This directory contains data from an ocean bottom-moored instrument that 
was collected as part of the Western Boundary Time Series ("WBTS") project.  
The WBTS project is funded by the National Oceanic and Atmospheric 
Administration and is run at the NOAA-Atlantic Oceanographic and 
Meteorological Laboratory.        

Project web page: www.aoml.noaa.gov/phod/wbts/

Project contact:
  Dr.

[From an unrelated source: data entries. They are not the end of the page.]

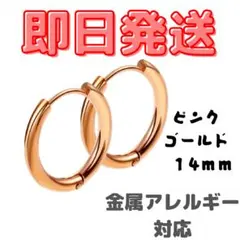 ステンレスフープピアスメンズ レディース 両耳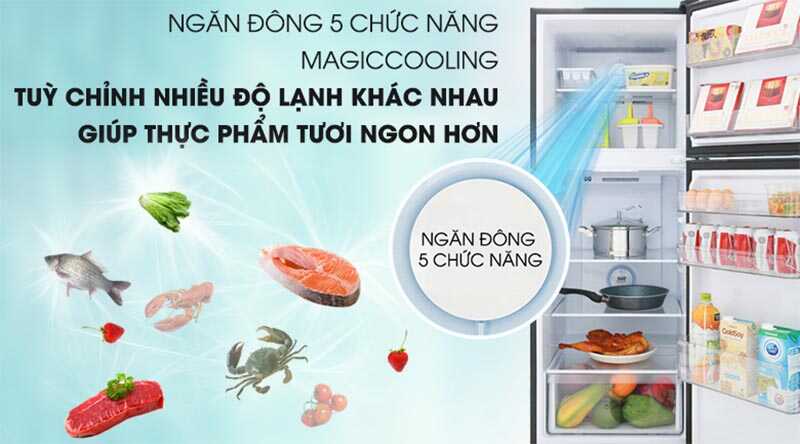 Ngăn đông 5 chế độ Magic Cooling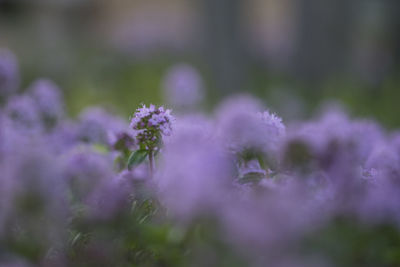 Close-up of flowers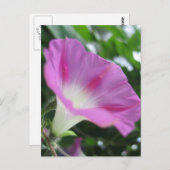 Carte Postale Fleur de gloire rose du matin (Devant / Derrière)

Christopher Meinen
  NOAA-Atlantic Oceanographic and Meteorological Laboratory
  4301 Rickenbacker Cswy
  Miami, FL 33149
  Phone: 305-361-4355
  Email: Christopher.Meinen at noaa.gov

The WBTS project collects data with two types of ocean bottom-moored 
instruments: 

  - PIES -
      Pressure-equipped inverted echo sounder

  - CPIES - 
      Current and pressure-equipped inverted echo sounder


Both PIES and CPIES make the following measurements: 

 - Round trip acoustic travel time ("tau") - 
      The time required for a 12kHz sound pulse transmitted by the 
      instrument to travel from the bottom-moored location up to the 
      sea surface, reflect, and return to be heard by the instrument.  

 - Bottom pressure - 
      The ambient pressure measured at the instrument.  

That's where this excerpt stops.